Tak hanya itu, Pasal 25 ayat 3 RKUHAP mewajibkan adanya keterlibatan penyidik Polri dalam penghentian penyidikan. Padahal, dalam Pasal 40 UU KPK, KPK berwenang menghentikan penyidikan dengan mekanisme pengawasan berupa pemberitahuan kepada Dewan Pengawas KPK.
Selanjutnya Pasal 7 ayat 4 dan Pasal 8 ayat 3 RUU HAP yang mewajibkan penyerahan berkas perkara ke penuntut umum melalui penyidik Polri. Hal ini dikhawatirkan dapat berdampak pada efektivitas dan independensi penyerahan berkas perkara di KPK.
Ketentuan tersebut bertentangan dengan UU KPK yang mengatur penyerahan berkas perkara ke penuntut umum di KPK.
"Saya kira sejumlah ketentuan yang mengharuskan KPK berkoordinasi, mendapat arahan, kuasa, atau persetujuan, atau diperantarai oleh lembaga penegak hukum lain, itu semuanya potensial untuk melemahkan KPK," ungkap Sahel.
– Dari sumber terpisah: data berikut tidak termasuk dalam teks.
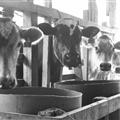 The cows all lined up ready to be milked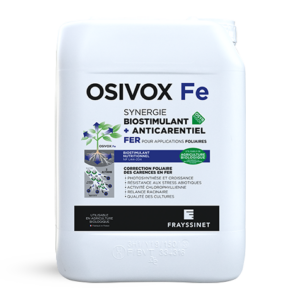 OSIVOX FE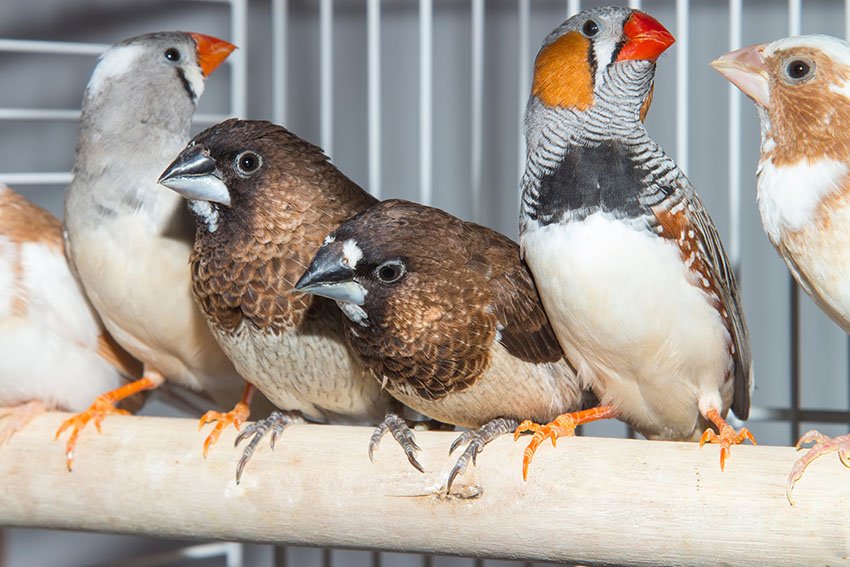 Bengalese-finch-and-zebra-finch.jpg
Dari sejumlah permasalahan tersebut, Sahel menyebut sulit untuk mencari nilai positif terhadap draf RUU HAP yang tengah dibahas DPR.
"Jadi, sulit kita berusaha mencari nilai positifnya dari gagasan yang dibawa dalam KUHAP ini dan barangkali cacat logika juga. Bukan barangkali, pasti cacat logika juga karena KPK ini kan didirikan, dia sebagai respons atas kegagalan aparat penegak hukum lain memberantas korupsi. Jadi, KPK itu di dalam Undang-undangnya sampai sekarang masih dikasih kewenangan supervisi terhadap aparat penegak hukum lain," ucap dia.
Dalam kesempatan itu, Sahel berbagi cerita mengenai informasi yang diperolehnya terkait dengan pembahasan RKUHAP di DPR. Kata dia, pembahasan tersebut dilakukan tidak dengan semestinya.
"Kita masyarakat sipil di luar, saya pribadi atau mewakili Transparency Internasional Indonesia tidak pernah mendapat undangan untuk mendiskusikan Rancangan KUHAP. Barangkali ada teman-teman civil society yang lain, oke lah, tapi dapat cerita di belakang bahwa sebagai ahli pun, tim ahli, proses konsultasinya unik," tutur Sahel.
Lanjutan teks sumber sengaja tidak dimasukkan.